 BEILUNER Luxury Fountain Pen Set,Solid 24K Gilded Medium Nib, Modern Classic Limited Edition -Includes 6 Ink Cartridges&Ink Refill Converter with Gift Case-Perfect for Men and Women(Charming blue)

####################

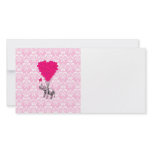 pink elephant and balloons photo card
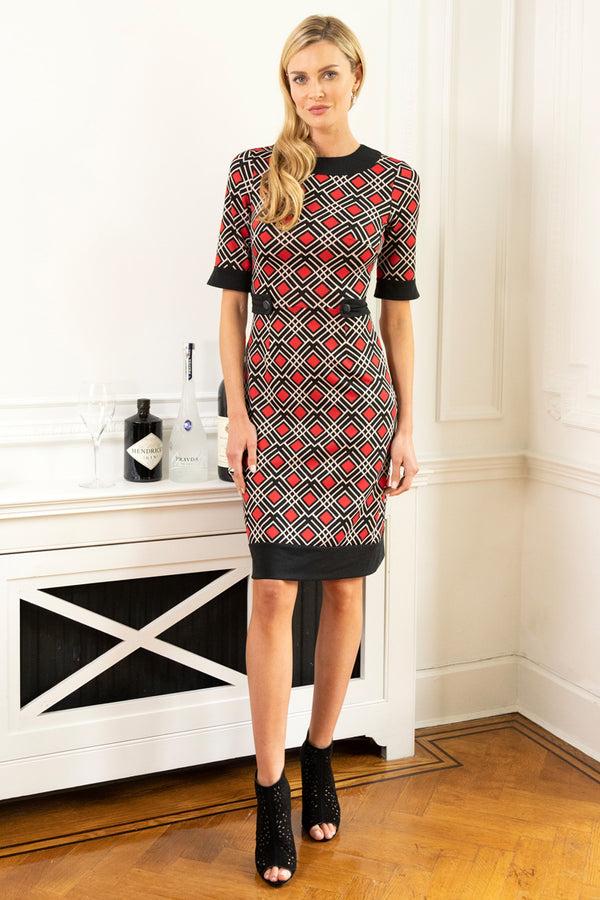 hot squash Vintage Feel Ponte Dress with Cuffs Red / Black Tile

####################

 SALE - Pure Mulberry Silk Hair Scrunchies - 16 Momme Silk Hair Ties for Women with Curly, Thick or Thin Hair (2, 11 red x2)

####################

§ To do:
Go through the material above and return each line that holds the word "Women".

§ Answer area:
 BEILUNER Luxury Fountain Pen Set,Solid 24K Gilded Medium Nib, Modern Classic Limited Edition -Includes 6 Ink Cartridges&Ink Refill Converter with Gift Case-Perfect for Men and Women(Charming blue)
 SALE - Pure Mulberry Silk Hair Scrunchies - 16 Momme Silk Hair Ties for Women with Curly, Thick or Thin Hair (2, 11 red x2)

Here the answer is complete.